Roadmap
Key Milestones¶
| Month | Milestone |
|---|---|
| 6 | Requirement Analysis (Documentation and Verification) |
| 12 | First models of neural architectures for speech processing (Oscillatory and Topology) |
| 12 | First evaluations of bio-inspired neural networks |
| 14 | Companion App / VR Testbed |
| 18 | Early demonstrator of Smart Glasses |
| 24 | Neural architecture are integrated in crossmodal speech signal processing |
| 30 | Summative evaluation of Glasses |
| 36 | Final demonstrator and project finalization |
Initial Steps¶
- Create initial literature overview
- Keep it very broad, don't dive into papers
- Existing Glasses
- Libraries and frameworks
- Cocktail Party Problem
- Initial Hypothesis and Goals for dissertation
Phase 1: Entrypoint, Glasses with SE via Beamformer¶
- Data simulation and virtual test-bed
- Research material/experimental setup
- Comparability to other papers with similar goals
- UX vs experimental flexibility (tech should be quickly adaptable)

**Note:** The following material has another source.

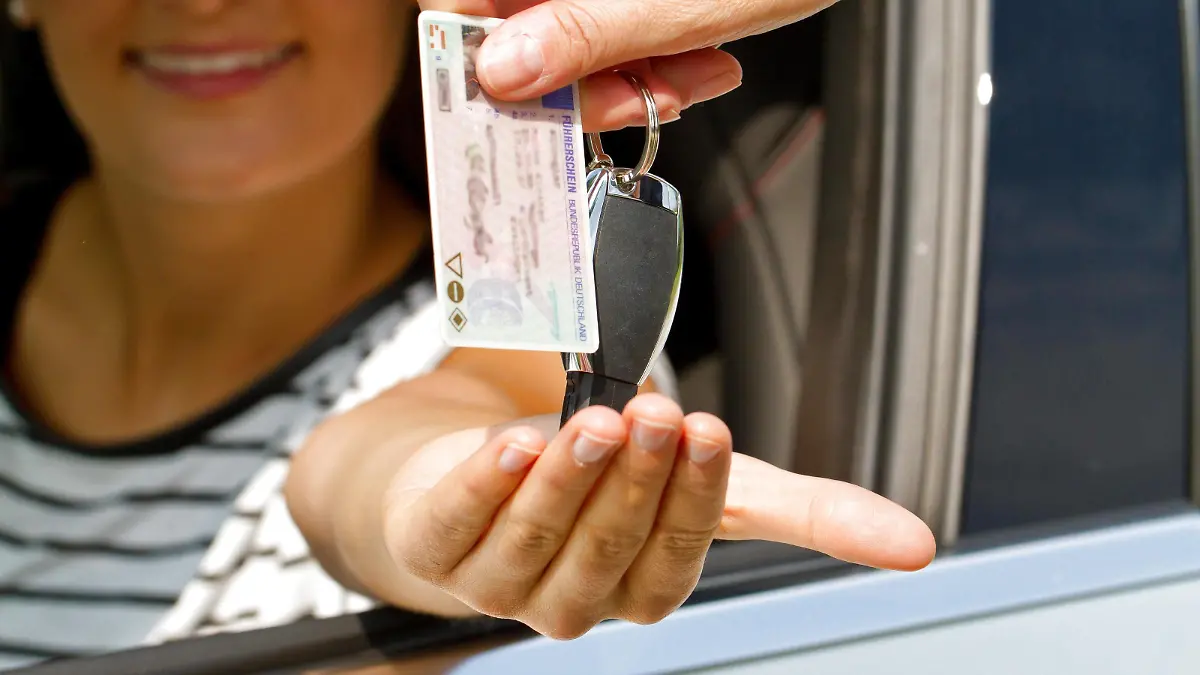 passed driving test model released Symbolfoto PUBLICATIONxINxGERxSUIxAUTxONLY Copyright: xGoodphotosx Panthermedia13154446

- Question: Embedded/on-device vs. external computer
- How to integrate
- microphone array
- speakers (in-ear vs in-frame)
- gyroscope
- eye tracking
- cameras (RGB, infrared, depth, …?)
- Research algorithmic setup
- Delay Beamformer, MVDR Beamformer
- Wiener Filter
- What other signal input can be used?
- Step 1: Build MVP, using head direction for beamforming
- Step 2: Integrate eye tracking, using eye focus for beamforming
Phase 2: Audio-only Neural SE¶
- Progress from purely algorithmic approaches to neural SE
- Use audio + view direction for SE
- SP lab research by Kristina Tesch
- Bio-inspired approaches like LinOSS (UKE)
Phase 3: Audio-Visual Fusion SE¶
- Augment glasses with outward facing cameras
- Use audio-visual fusion techniques for SE
- Which modality in noisy environments?
- Structured Light (e.g. RGB/infrared grid)
- Time-of-Flight (lidar)
- Which models?
- Mathematical vs bio-inspired